The “me” of 5 years ago is gone. In its place is someone I never even believed I could become. The things I once loved, the ideas I held tightly to, even my life experiences shaped me into who I had become, and most of that has been left in the past.
This shift wasn’t due to some tragedy or challenging event. It happened gradually but surely, and the shift came from within me, rather than from the outside. The most shocking to me was probably my relationship with video games.
From the very young age of 4, I have been intensely fascinated by them, and it has been a lifelong passion of mine. I grew up playing them, and they were one of my major pastimes as an adult too. When everyone else was out socializing and having more typical life experiences, I was spending most of my time enjoying getting lost in the imaginative worlds of video games. That was always the case for me, and after 30 years of life, I had no reason to believe it would ever change. I didn’t even think it could. Spoiler alert: it pretty much did.
I do still enjoy the right kind of games, so it hasn’t left completely, but my tastes have changed so drastically that most of what I play anymore is only a small handful of genres, with a focus on non-violence, and the amount of time I spend playing in general has considerably lessened. Even games that I recall very fondly from my childhood, teen years, and twenties are no longer appealing. I felt such a shift away from them in fact, that the video game collection I had spent most of my 30+ years of life gathering, I ended up selling or giving the huge majority of it away, simply because it felt like it was time to focus elsewhere.
I’ve also begun to discover the depth of joy that comes with creating content, rather than spending most of my time consuming content. These days, I have just as much fun when I’m writing about something interesting to me, working on recording some videos, or engaging in other creative pursuits. It has become a question of how would I rather spend my time, and I surprise myself in that, my past passions like playing video games or binge watching anime that defined my life experience for decades, often take a back seat to something more creative.
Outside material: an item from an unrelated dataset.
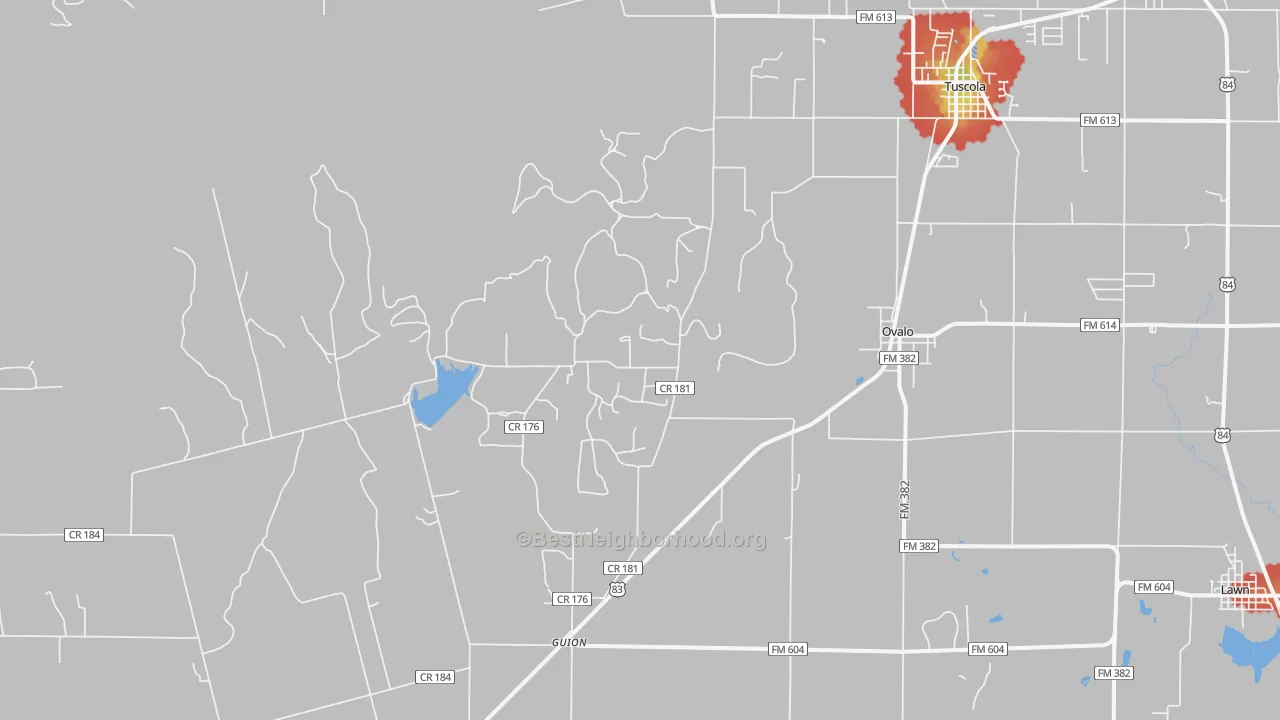 Walk Grade map of Ovalo, TX, walkable areas in green and car-dependent areas in red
Coming along with this new version of me is a deeper understanding and appreciation for how life works, not from the perspective of the physical, but rather metaphysical. Wise teachers past and present like Dr. Wayne Dyer, Eckhart Tolle, Moojibaba, Abraham/Esther Hicks, Louise L. Hay, Seth/Jane Roberts, and many others have been my teachers and guides during these past few years of metamorphosis I have undergone. The new me has reached a depth of understanding that the old me couldn’t fathom and wasn’t ready to see.
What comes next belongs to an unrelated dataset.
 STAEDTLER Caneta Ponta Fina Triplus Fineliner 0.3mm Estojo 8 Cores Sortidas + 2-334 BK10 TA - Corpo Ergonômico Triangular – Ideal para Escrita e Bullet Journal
But I embrace the person I used to be. I couldn’t have made it here to this day without having lived the life I have. Every step, even the ones we call missteps, are purposeful, guiding us to greater and greater truths and insights about ourselves and our ever-growing desires. And no matter how shocking or scary change may seem at times, I choose to believe that it’s always for the better, and that things are always working out for me, even if everything looks like insanity on the outside.
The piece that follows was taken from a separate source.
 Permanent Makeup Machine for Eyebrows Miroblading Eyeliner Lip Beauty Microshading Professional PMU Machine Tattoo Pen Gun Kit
The main thing I have come to learn and really revere in my life experience is appreciation. For far too many years, I either never took those ideas seriously, or never stopped to consider it at all, taking everything for granted as a matter of course. Most people come to this sort of realization after facing a shocking loss, but it doesn’t have to work like that to start appreciating things in one’s life. Having experienced a new way of living, being aware of, and offering appreciation for as much in my life as I can identify has changed my inner world, and the outer life experiences, for the better.
Most of us are so busy, and so mentally focused on the experiences happening around us, that we’ve not even been taught the basics of how creating our life experiences really works. That probably sounds strange to most readers, but if you are curious, I invite you to investigate any of the names in the earlier paragraph on YouTube, or else seek out some of their many published books, and read ones that capture your interest with an open mind. There are completely different ways to live life that most of us are never taught, too caught up in the busyness of our modern world as we are. The me I have become, am becoming, and am excited to see evolve even more as the days continue, is only possible thanks to the new levels of awareness that these teachers and life itself has guided me to.
5 years ago, I wasn’t even thinking about any of this, let alone appreciating life with a level of depth like I do today. Now I can look back with gratitude, because I can see how much I’ve grown, and the changes that I never imagined would come are more enlightening and fulfilling than I could possibly fathom.